───── Information shown

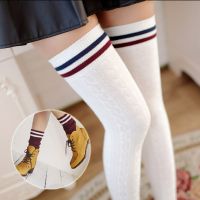 【Sock shop】ใหม่ผู้หญิงถุงเท้าลายถุงน่องยาวแฟชั่นสบายๆสไตล์เกาหลีอบอุ่นต้นขาถุงเท้าสูงสำหรับสุภาพสตรีสาวฝ้ายกว่าเข่าถุงเท้า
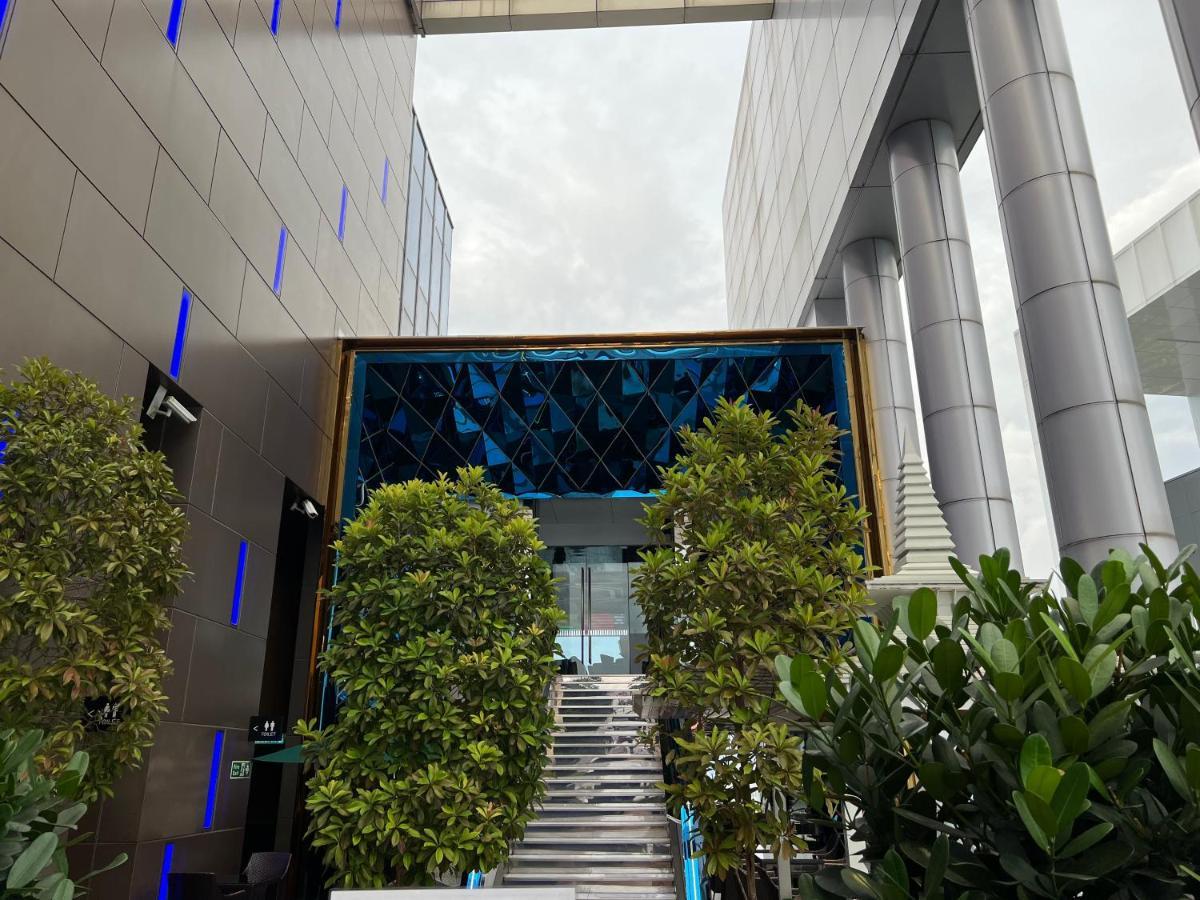 Amazing Pool By Platinum Suites Klcc กัวลาลัมเปอร์ ภายนอก รูปภาพ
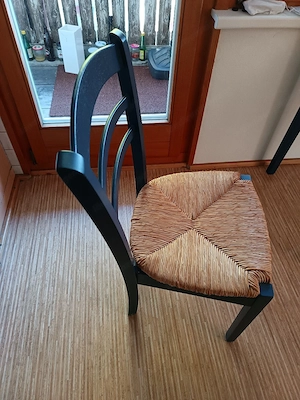 2 Holzstühle blau zum Verkauf Bild 3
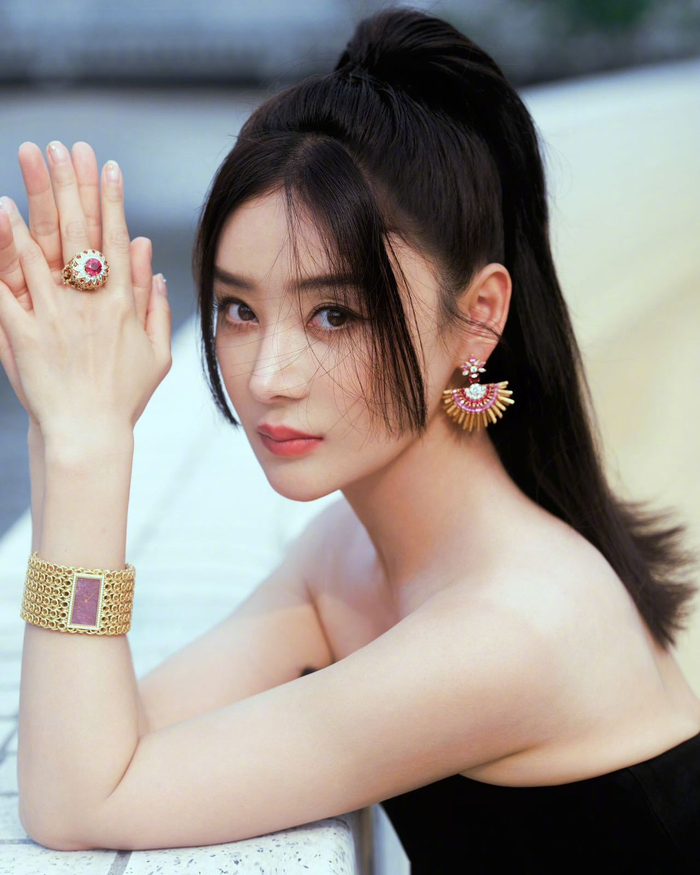 黑裙就是最美的袁姗姗这件黑色抹胸长裙真的驾驭得很好……|袁姗姗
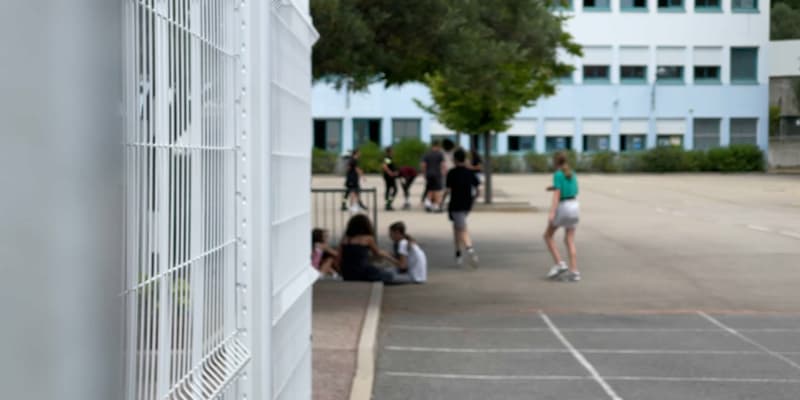 Une cours de collège, en France, en février 2025. (Photo d'illustration)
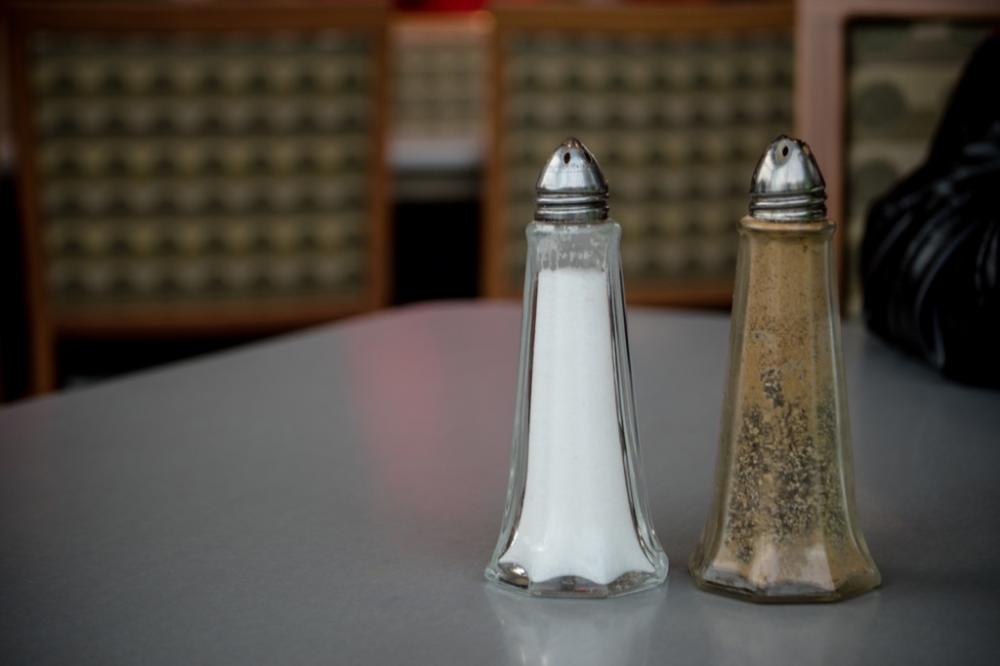 1 oz Eiffel Tower Salt & Pepper Shaker - Kitchen & Company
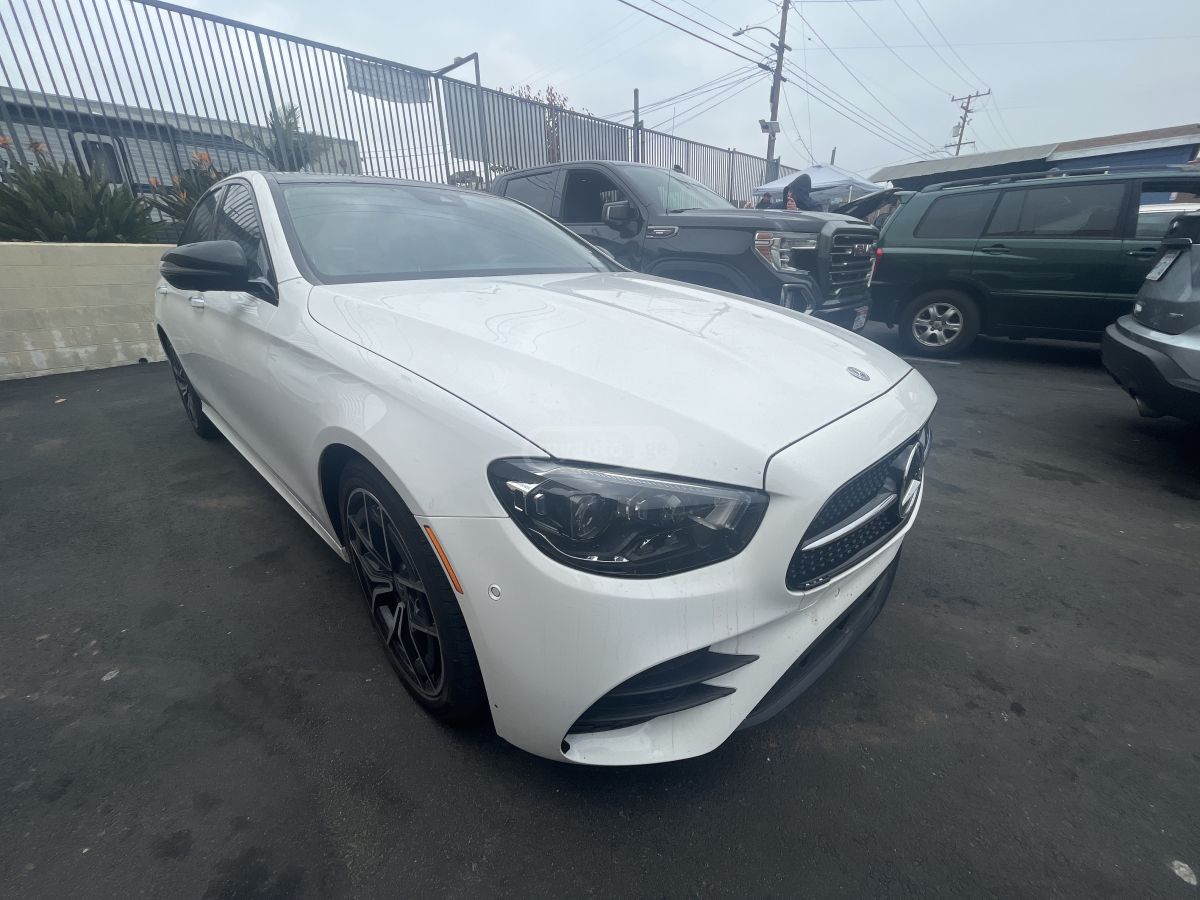 Mercedes-Benz E 350 - фото 1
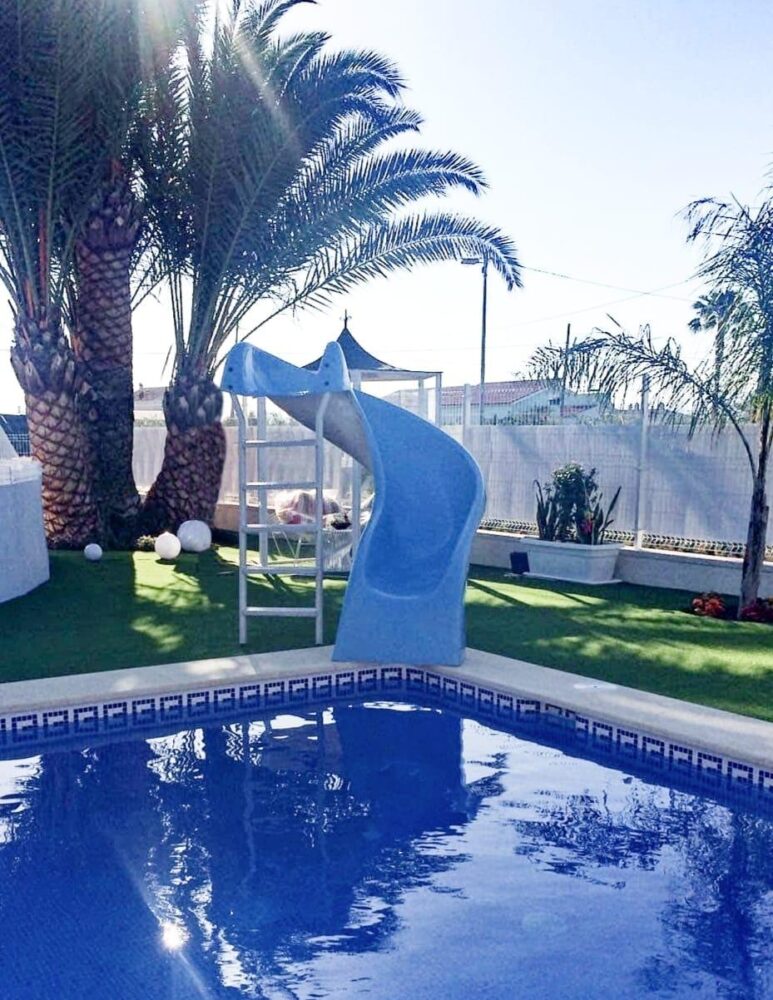 ESCORREGAS PARA PISCINA EM POLIÉSTER REFORÇADO 5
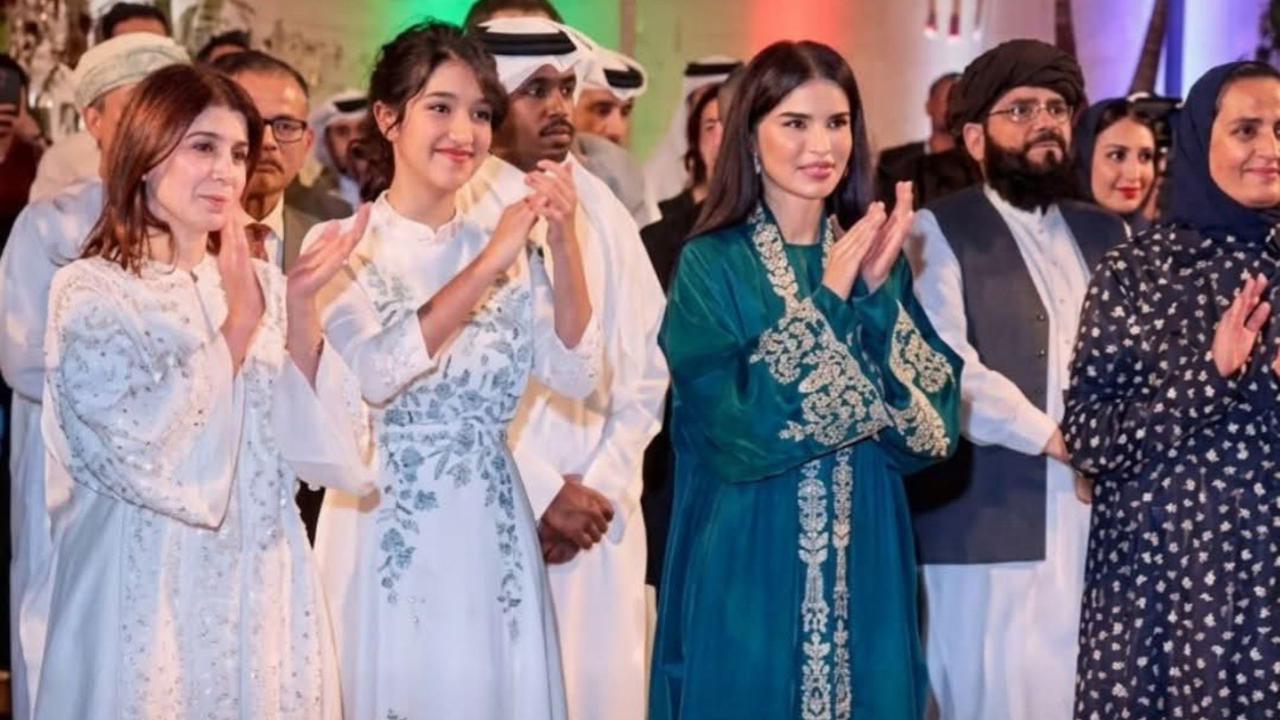 قطر : د طالبانو سفیر سهیل شاهین له ښځینه چارواکو سره په فرهنګي مراسمو کې ګډون کړی دی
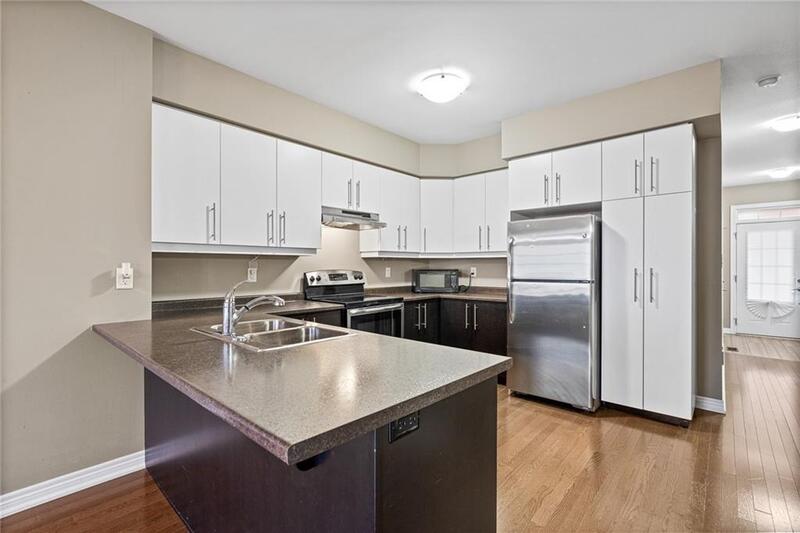 DESIRABLE 2-STRY TWN IN SOUGHT AFTER GRIMSBY ON-THE-LAKE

──────────

| Task item |
What you write must match the listing exactly, from the line with "黑裙就是最美的袁姗姗这件黑色抹胸长裙真的驾驭得很好……|袁姗姗" up to and including the line with "قطر : د طالبانو". Pictures stay out.

| Answer space |
 黑裙就是最美的袁姗姗这件黑色抹胸长裙真的驾驭得很好……|袁姗姗
 Une cours de collège, en France, en février 2025. (Photo d'illustration)
 1 oz Eiffel Tower Salt & Pepper Shaker - Kitchen & Company
 Mercedes-Benz E 350 - фото 1
 ESCORREGAS PARA PISCINA EM POLIÉSTER REFORÇADO 5
 قطر : د طالبانو سفیر سهیل شاهین له ښځینه چارواکو سره په فرهنګي مراسمو کې ګډون کړی دی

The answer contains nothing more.